The products prepared by the described techniques possess certain drawbacks, among them an undesirably short useful life. Many of the products prepared with the "black chrome" finish are utilized in external applications where adverse mechanical and environmental conditions promote deterioration. The paints frequently break down, fade and otherwise discolor after extended exposure to sunlight, and frequently fracture upon mechanical impact, even in the instance where purportedly protective top coats are applied. The paints themselves frequently exhibit poor uniformity between batches, with the result that the finished products may vary in hue, reflectance, etc.
The prior art products possess a further drawback, in that the specialized nature of the coatings applied to create the "black chrome" effect, must be individually and directly applied to the formed products. The individual coating of respective parts after their formation, demands greater time and facilities, that contributes to an undesirable increase in manufacturing cost.
A need therefore exists for the development of a black reflective product that is capable of low cost manufacture, such as by hot transfer lamination, and exhibits improved mechanical strength and resistance to environmental deterioration lacking in the prior art products.
In accordance with the present invention, a glossy black reflective metal coating having improved durability and resistance to environmental deterioration is prepared. The reflective metal coating comprises a film of an intrinsically blackened chromium-containing metal. The present metal coating is prepared by heating the chromium-containing metal to a temperature above its boiling point and vapor depositing a quantity of the metal on a receptive surface. Preferably, the chromium containing metal is a nickel-chromium alloy.
A decorative laminate product is also included, which comprises the metal coating of the invention bonded to at least one transferable resin film. The laminate may comprise at least one base film having the present metal coating disposed over one of its surfaces, and at least one top coat overlying the free surface of the metal coating, to form a sandwich-like structure. The top coat serves to protect the laminate from mechanical and environmental damage, and may include, for example, a clear top coat, and an intermediate coat lying between the top coat and the metal layer. The intermediate coat may contain one or more organic resins curable by ultraviolet light.
The base coat may include a tie coat adjacent the metal coat, to improve adhesion of the metal coat. A pigmented coat may in turn, be applied to the free surface of the tie coat, to enhance the opacity and color of the laminate, in the instance where a "black chrome" transfer is in preparation.
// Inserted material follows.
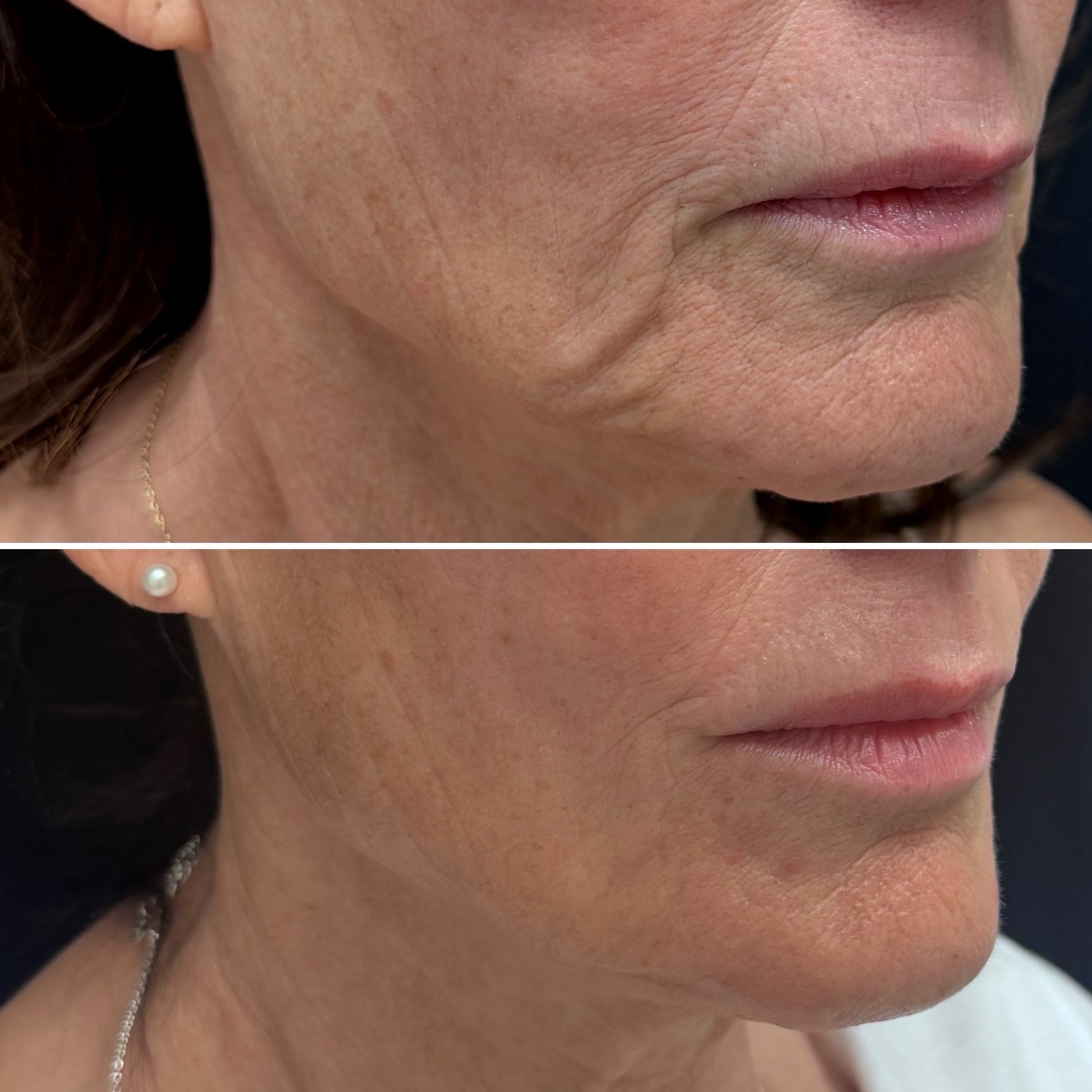 Jawline, in profile before and after at Glow By Laser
The present invention also includes the methods for preparing the metal coating, and the laminate that may include it. The metal coating may be prepared by heating a quantity of the chromium-containing metal to the temperature above its boiling point, and exposing the surface upon which the metal coating is to be formed, to the vapors of the chromium-containing metal, so that the metal vapors condense on the surface and form the metal coating. Various surfaces may be used for vapor deposition, and a number of surfaces are accordingly contemplated. The surface or substrate may be an organic resin film, and in particular a continuous strip. Thus, the chromium-containing metal may be heated in a vacuum chamber, and the continuous strip may be moved through the chamber, so that deposition of the metal vapor will occur uniformly along its length. The continuous strip may comprise a carrier film having one or more resin films previously coated thereon. Alternately, the carrier film may have a release coat only, in the instance where the metal coating is to be exposed. In either event, the carrier film is preferably maintained at a temperature below 32° F. during the deposition of the metal vapors.
The metal coating of the present invention may be applied in a variety of thicknesses depending upon the end use of the product. In the instance where a heat-transferable laminate useful for automotive applications is contemplated, an exemplary preparation utilizes the metal film in a thickness that offers a translucent visual appearance. Such thickness may range on the order, for example, of several Angstroms.
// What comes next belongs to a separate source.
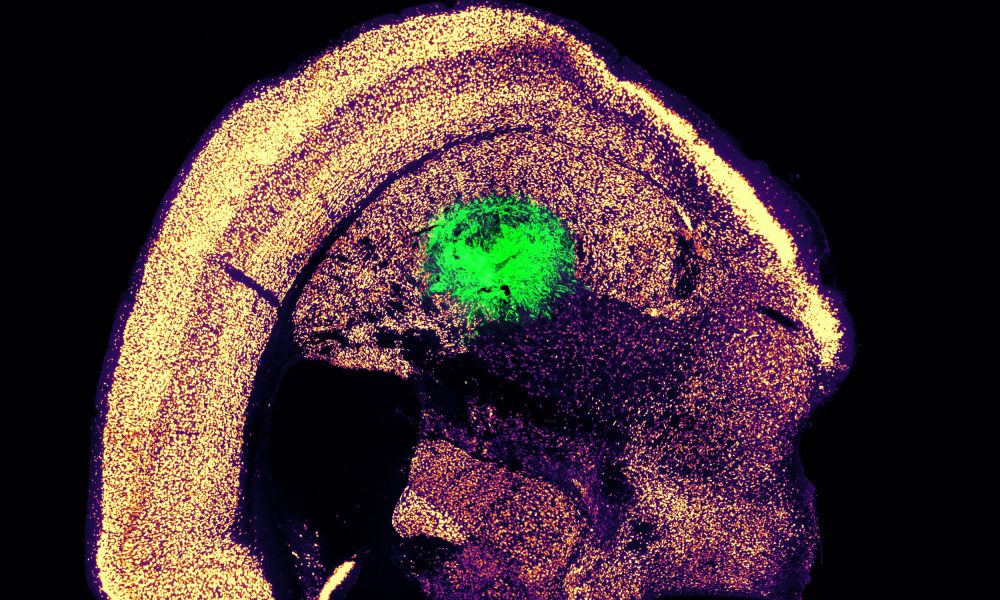 MIT: Μετατροπή κυττάρων δέρματος σε νευρώνες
The laminates prepared in accordance with the present invention are useful in automotive applications, and may be prepared for hot transfer lamination to three dimensional formed products, such as bumper segments, trim strips, taillight enclosures and the like. In such instance, an adhesive coat suitable for hot transfer lamination may be applied over the exposed surface of the base coat.
The metal coating of the present invention and the corresponding laminate are not limited in their applications to automotive products, and can be utilized in all applications where a black reflective surface is desired.
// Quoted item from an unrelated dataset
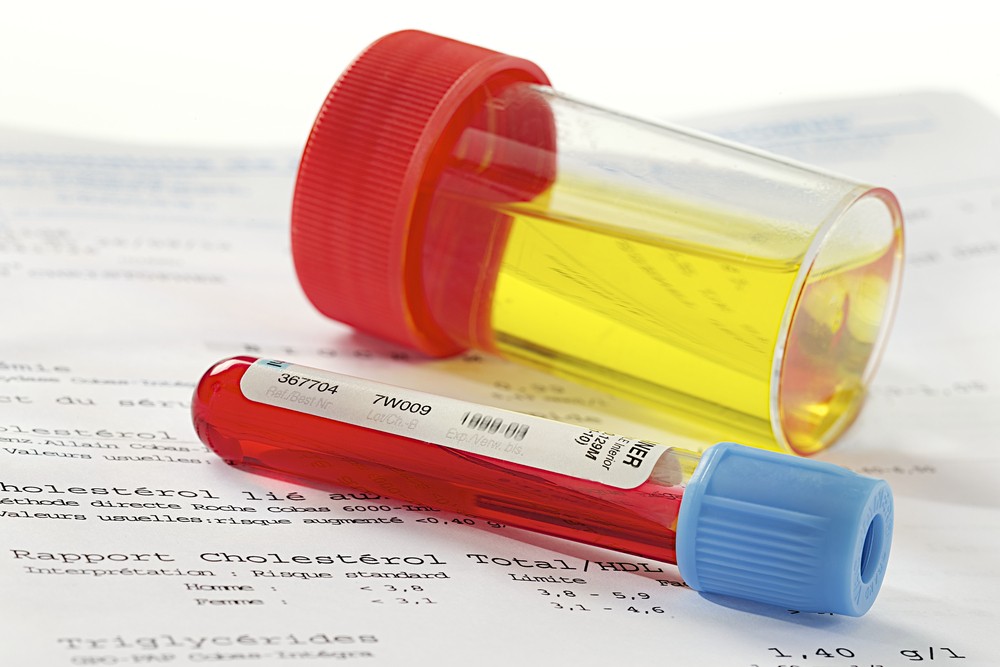 Blood In Urine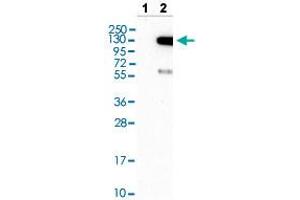 Western blot analysis of Lane 1: Negative control (vector only transfected HEK293T lysate) and Lane 2: Over-expression lysate (Co-expressed with a C-terminal myc-DDK tag (~3. (TAO Kinase 3 anticorps  (AA 323-432))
Laminates prepared in accordance with the present invention exhibits substantially improved corrosion and water resistance, and resist deterioration from ultraviolet radiation and chemical attack from the environment. The products are also sufficiently strong to withstand fracture caused by mechanical impact. The black chromium coating offers brillance and reflectance that exceed the quality available with prior products of this type. Moreover, the ability to prepare hot transfer laminates having an improved black chromium coating, represents a significant savings in manufacturing cost.
Accordingly, it is principal object of the present invention to provide a glossy black reflective metal coating having improved durability, which is capable of preparation as a decorative metalized laminate.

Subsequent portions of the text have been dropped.